The Wild Laughter, Caoilinn Hughes’s second novel, will be published on June 25th

John Connell: ‘Our worries can be deafening’

The other evening I went for a run alone along a country road in north Co Longford, for a beautiful sunset had erupted on the skyline. It made me think that the great creator spirit had come to show us that there is still beauty amid all the worry.

The world is changed but we must keep beauty in our minds. There is a joy to be found in the new silences, though our worries can be deafening. Time has changed but it can be remade anew. We can be remade anew. It was a beannacht from the heartlands of this nation.

We each of us now live our lives separate, but there will be a time when we come together again, a joyous time. Our traditional cottage in the countryside has become a bolthole in a nation that has become a multitude of mini republics but we shall become one nation again.

This time of quiet teaches us in new ways, and perhaps in that teaching we may find new ways of being when the great wheels of civilisation begin again. Perhaps we shall understand ourselves in different ways and this land that has made us.

Now is the time of distance but there can be healing in that too.
John Connell is the author of The Cow Book: A Story of Life on a Family Farm

Arnold Fanning: ‘I long to return to normal’

Anxiety greets me every morning, and lingers, unwelcome, throughout the day, every day, during this, the pandemic that affects us all.

Acutely aware now of taking care of my mental health, I am overly conscious that I am living with, and in, a state of near-constant fear. As I am not in an at-risk group, I try not to be afraid for myself, although no-one is immune from Covid-19, so it is expected to feel some fear in that regard.

Rather, I feel fear for my loved ones and those around me and those who are numbered among the vulnerable, those I know and those in society who are elderly, or have immune system issues or other compromises to their health that would make contracting this disease deadly.

Guarding my mental health means pushing against the information overload of constant rolling news, media, social media, and means switching off the screens early every evening, it means making an effort to stay informed without becoming overwhelmed by it all.

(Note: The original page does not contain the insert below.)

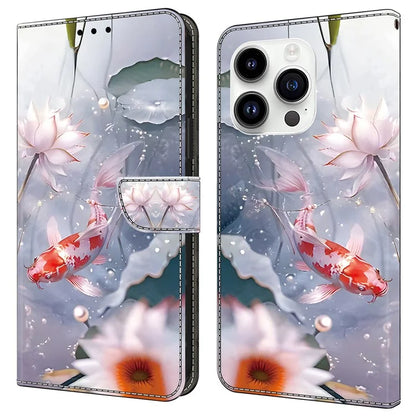 For iPhone 15 Pro Leather Case Pattern Printing Wallet Flip Phone Cover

Guarding my mental health means going out for socially-distanced walks when possible, by the river that flows through the small town I live in, or to the forest on its margins. It means consciously, and verbally, giving thanks to all I am grateful for at this time of difficulty; for my health, for my job which I am able to do remotely, for my home, my marriage, my friends, and family; for the simple things, like being able to derive joy from cooking, reading, and listening to music.

Meanwhile, creativity, my ability to create something new in writing, is virtually impossible at this time of crisis. Instead, I write in a journal every day, about what is happening in my mind, in my life, and in the outside, altered world of ours.

At this time, one of learning new terms and new ways of living – social distancing, cocooning, flattening the curve, delay and contain, lockdown – I long like at no other time for life to return to normal, to be as it was before; but feel an awful, and growing, sense of dread that life will not return to as it was before: because too much will have been lost.
Arnold Thomas Fanning is the author of Mind on Fire: A Memoir of Madness and Recovery and is Arts Council Writer in Residence, NUI Galway 2020.